Court documents say an investigation began in September 2022 into a local operation that sold drugs on behalf of Cartel de Jalisco Nueva Generacion, which U.S. prosecutors say “is arguably the most prolific and most violent cartel in Mexico today.”

As part of the investigation, Mario Alberto Velarde-Carrera sold the three drugs to undercover agents between late 2022 and February 2023, according to court documents.

A Dakota County Drug Task Force agent that had been watching Velarde-Carrera “caught (Velarde-Carrera) in the act of trying to move much of the substances from one of their stash locations” on Feb. 15, 2023, federal prosecutors say.

When Velarde-Carrera left the home in the 200 block of 11th Avenue North, he was pulled over by an officer who “had probable cause to arrest based on prior drug-related criminal activity involving large amounts of controlled substances in Dakota County,” according to a March 2023 criminal complaint filed in state court.

A K-9 dog detected drugs in Velarde-Carrera’s car, which was then searched. In a bag, authorities found more than 3½ pounds of fentanyl powder, 5 pounds of meth and a pound of heroin, the charges say.

Nearly 4 additional pounds of meth were seized after a search warrant was executed at the house.

In an interview with authorities, Velarde-Carrera admitted to selling drugs and that he was “working with ‘someone’ in Mexico,” federal documents say.

Velarde-Carrera, 29, was a part of the first cell of the distribution side of the local operation that was dismantled in February 2023, according to federal prosecutors.

Supporting the cartel

Velarde-Carrera was initially charged in Dakota County District Court with three counts of aggravated controlled substance in the first-degree. The Minnesota U.S. Attorney’s Office picked up the case in May 2023, charging him with conspiracy to distribute fentanyl, methamphetamine and heroin. He pleaded guilty to the charge the following October.

Assistant U.S. Attorney Allen Slaughter Jr. wrote in a presentencing memorandum that Velarde-Carrera traveled from Mexico to “distribute drugs and make money” in Minnesota, where he relocated in November 2022. He previously had relocated to California from Mexico, where his parents, four siblings and wife still live.

The controlled buys by undercover agents “were only snapshots into this conspiracy — just select days of an ongoing process in support of the CJNG cartel,” Slaughter wrote in the memo. “They are however emblematic of (Velarde-Carrera’s) involvement (albeit brief) in these activities.”

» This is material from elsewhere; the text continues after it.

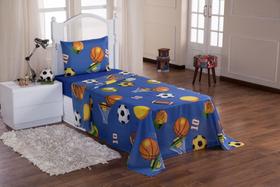 Jogo De Cama Lençol Kids Solteiro Infantil Com 03 Peças Estampado Futebol Azul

Velarde-Carrera’s sentence, handed down Monday by U.S. District Judge Michael Davis in Minneapolis, includes five years of supervised release following incarceration. Velarde-Carrera was remanded to the custody of the U.S. Marshals Service.

Earlier this month, a U.S.-Mexican dual national and co-founder of the Cartel de Jalisco Nueva Generacion was sentenced in the District of Columbia to life in prison for his role in a major drug trafficking conspiracy.

According to court documents, Ruben Oseguera-Gonzalez, known as El Menchito, 34, led the cartel for nearly seven years in Mexico and oversaw the importation of “multi-tonnage quantities” of drugs into the U.S. A judge also ordered him forfeit more than $6 billion of drug trafficking proceeds.

“Gonzalez was one of the first contributors to the fentanyl epidemic in the United States, pledging to ‘do it big’ and build an empire from counterfeit oxycontin pills laced with fentanyl,” prosecutors said in a March 7 statement.